Exercise inputs Start Marker

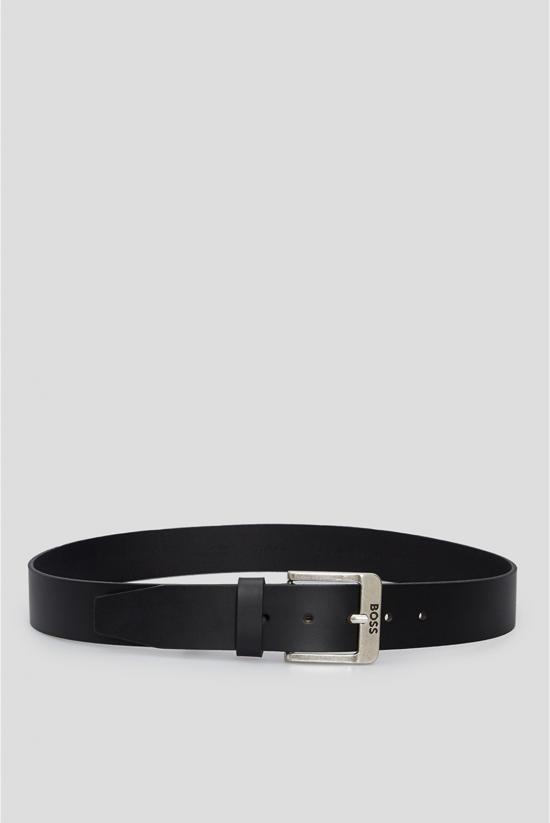 26SS 휴고보스 가죽 벨트 50512795001 BLACK DOM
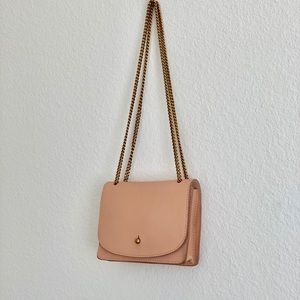 Madewell Pink The Chain Crossbody Bag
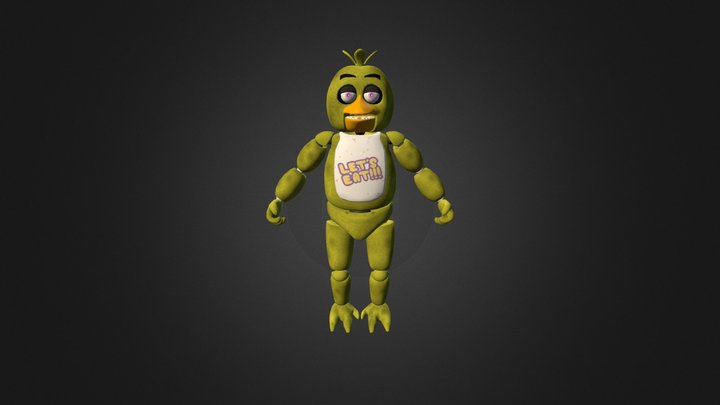 chica 3D Model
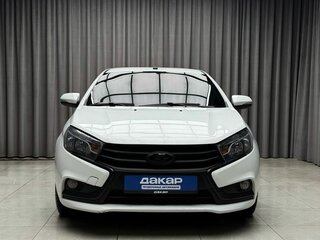 2021 Lada (ВАЗ) Vesta I, белый, 1149000 рублей, вид 3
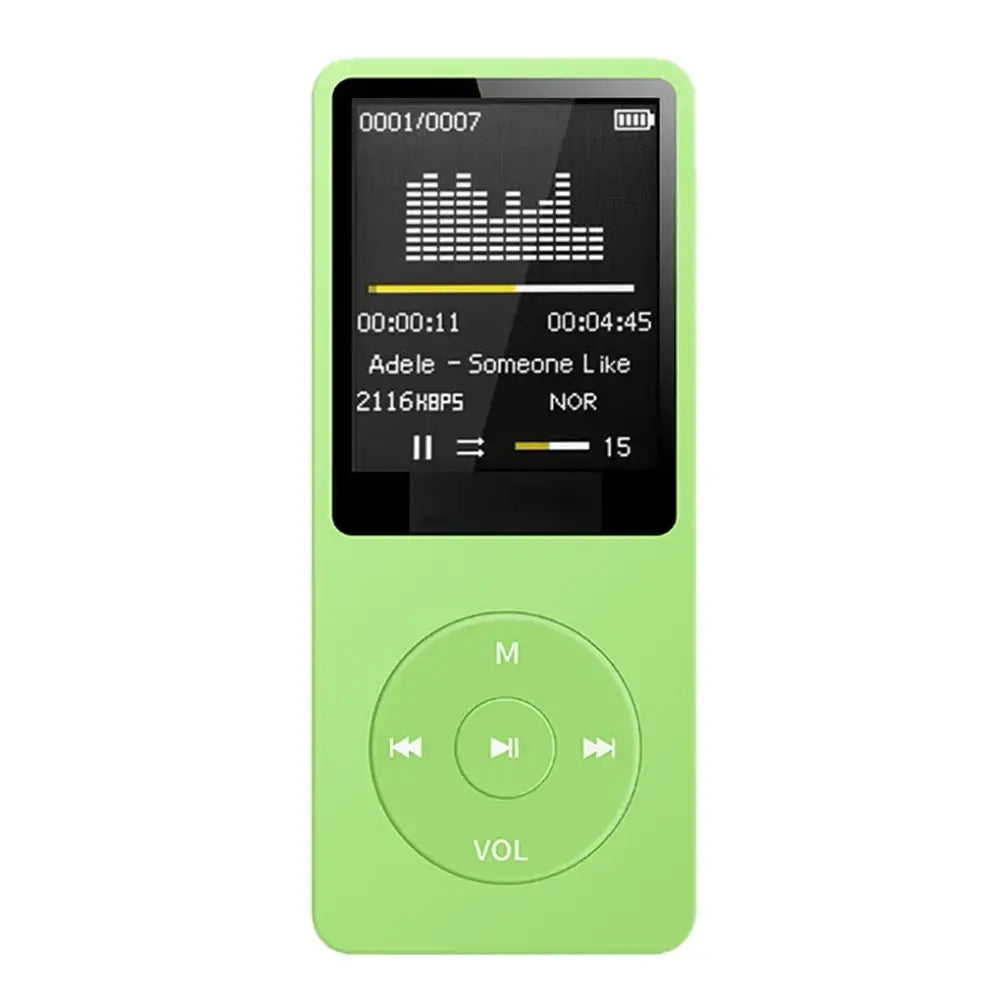 Bluetooth MP3 Player with FM Radio (available in 6 colours)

Exercise inputs End Marker

=== Exercise requirements ===
Reproduce exactly, without any picture, the lines from the one bearing "chica 3D Model" to the last line of the records above.

=== Output of the task ===
 chica 3D Model
 2021 Lada (ВАЗ) Vesta I, белый, 1149000 рублей, вид 3
 Bluetooth MP3 Player with FM Radio (available in 6 colours)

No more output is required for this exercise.